Changing the Face of Traditional Packaging

When Campbell’s teenaged daughter challenged him to join her in participating in a triathlon five years ago, his competitive spirit arose and he couldn’t resist the challenge. He had not done one before, but he had run track at Cornell University, so he thought he’d draw on that and figure out the rest. He’s been a triathlete ever since, and in August, he competed in the prestigious U.S. Triathlon Sprint National Championship.

It was that same competitive spirit, engineering ingenuity, commitment to excellence, and environmental inclination that propelled Campbell to accept the challenges inherent in heading up the initiative to green Dell’s packaging.

The fact that he had not been entrenched in the packaging industry freed him up to take a fresh approach to the challenge. “When we first started on this journey, a lot of people in the [packaging] industry told us it couldn’t be done.

“I asked, ‘Why not?’ Packaging is a very mature industry, and the technology has been stable for a number of decades. It provided great solutions, but the world is changing. And so I came into this, I guess, somewhat naively, and I think that turned out to be one of my greatest strengths,” Campbell said.

He said the resolution was in finding the right partners who would be willing to take on the hills in the road, and fortunately, he found them. “And that’s how we’ve been able to innovate with many of these new materials.”

Thinking Like a Champion

“When we started out, I told my team that my goal for them is to be the world’s best packagers. It’s about a way of thinking and an attitude. I wanted the team to start taking some of the risks that a champion takes—not dumb ones, but smart ones.

“That’s really important, because we set some pretty steep goals—reduce our packaging by 10 percent, increase recycled content by 40 percent, and increase the amount of packaging that can be recycled curbside by 70 percent. When you’re a $60 billion global company with 100,000 employees, that’s a pretty big mountain to climb.
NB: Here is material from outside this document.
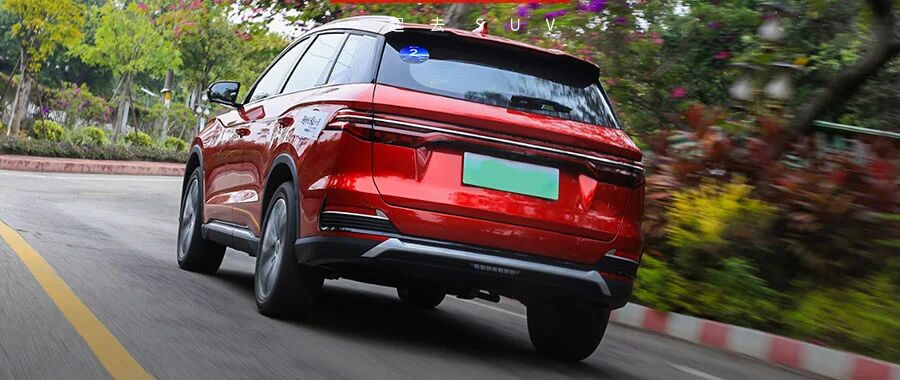 13.48万起，续航1200km，国产SUV一车难求，但95%的人都会纠结另一款车！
“And I guess it was that sense of competition that attracted me to competing in triathlons … that sense of excellence that we focused on. We did the analysis. We did our homework, and we felt we could do it, and we accomplished every goal we set.

“I’m very proud of my team,” he added.

Campbell said that although he’s happy with his recent showing in the nationals, his daughter still finishes the competitions faster than he does.

“I still haven’t beaten her yet. Her wave usually starts behind mine, and somewhere on the bike leg of the race, I’ll hear, ‘Hi, Daddy,’ as she rides by.